Le cellule endoteliali rappresentano inoltre una protezione verso l’esterno e ciò accade anche nel caso della barriera emato-encefalica del cervello: l’attacco da parte del Coronavirus provocherebbe, in questo contesto, la loro infiammazione, con conseguente gonfiore, danneggiamento e comparsa di lesioni cerebrali e declino cognitivo.
I benefici della cannabis contro il Long Covid
Grazie alle sue proprietà antinfiammatorie e alla sua capacità di alleviare i diversi sintomi, la cannabis potrebbe rivelarsi un’ottima alleata per contrastare le conseguenze del Long covid. “Quasi nessun paziente presenta sintomi isolati, ma piuttosto un insieme che varia da tre a cinque”, ha aggiunto il Dottor Kogan. “La cannabis è quasi l'unico trattamento a cui riesco a pensare che prende di mira tutti i sintomi.
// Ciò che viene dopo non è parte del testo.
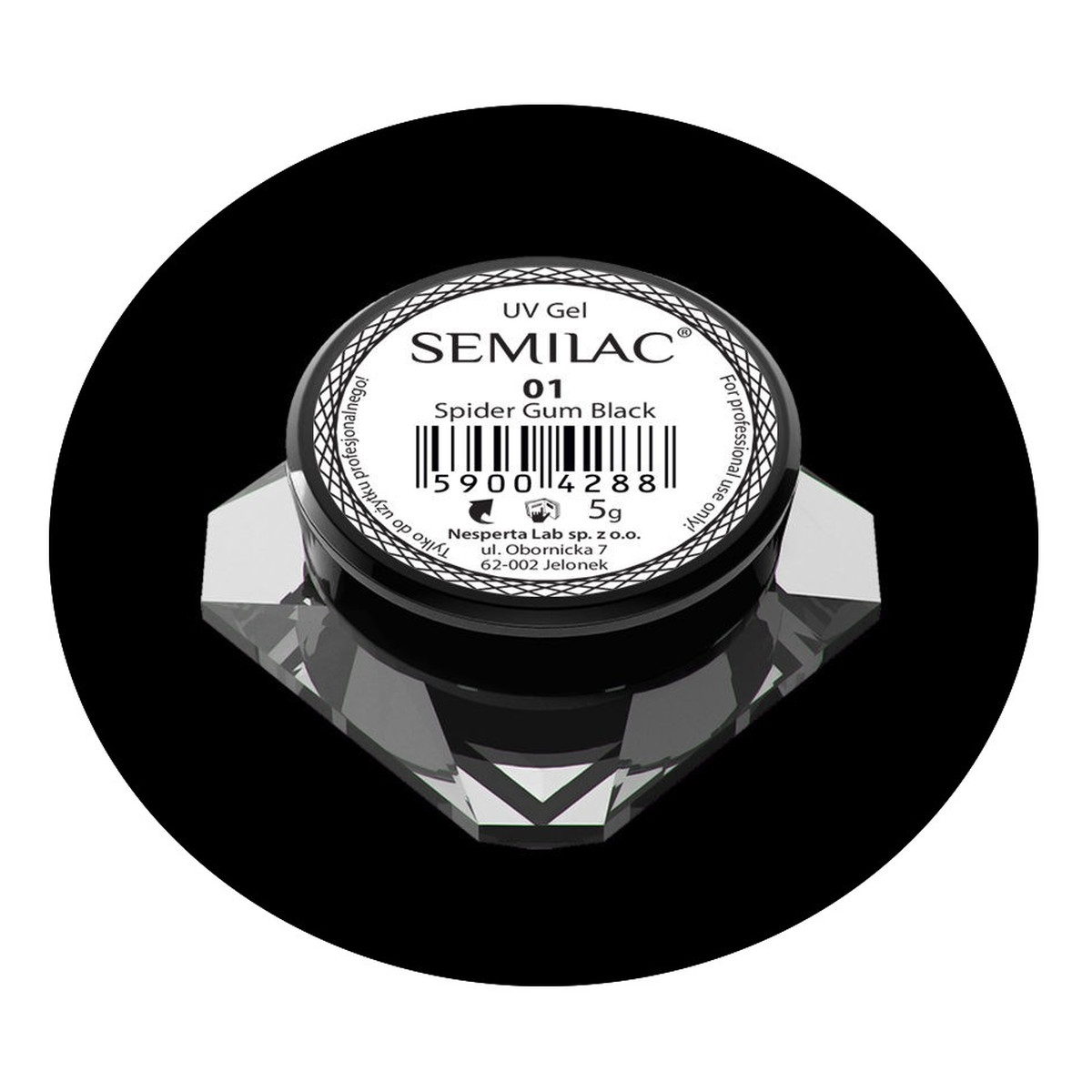 Semilac Spider Gum Żel do zdobienia paznokci 5g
Se un paziente arriva con emicrania, insonnia, ansia e nausea, da una parte c’è l’utilizzo di quattro farmaci diversi, dall’altra la sola cannabis".
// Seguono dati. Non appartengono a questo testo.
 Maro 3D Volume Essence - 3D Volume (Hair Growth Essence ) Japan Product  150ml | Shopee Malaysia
In particolare, i due alleati più potenti sarebbero in questi casi il cannabidiolo (CBD) e il cannabigerolo (CBG), due dei principali cannabinoidi presenti nella cannabis e nei prodotti medici full-spectrum derivati.
Lo studio in corso
A studiare un possibile trattamento è stato per primo l’NHS, il sistema sanitario britannico, che nel febbraio 2022 ha approvato uno dei primi studi scientifici a livello globale sull’efficacia della Cannabis contro il Long Covid. Lo studio, condotto dalla ONG Drug Science e del quale avevamo parlato anche nell’articolo dedicato, prevede la somministrazione ai pazienti di olio full-spectrum ad alto contenuto di CBD.
Attualmente, Drug Science ha concluso la seconda fase della ricerca. “È uno studio di fattibilità e siamo a metà percorso, quindi non posso condividere alcun risultato, ma quello che posso dire è che i pazienti sembrano rispondere abbastanza bene. Per ora nessuno lo ha abbandonato, il che è ottimo per uno studio di fattibilità”, ha spiegato il CEO di Drug Science David Badcock. “Ora abbiamo oltre 3mila pazienti che ci inviano i loro dati ogni mese. Quello che vediamo attraverso questi dati è che c'è un miglioramento statisticamente significativo nei risultati di salute delle persone da quando è stata prescritta la cannabis medica".
Si attendono quindi ulteriori sviluppi.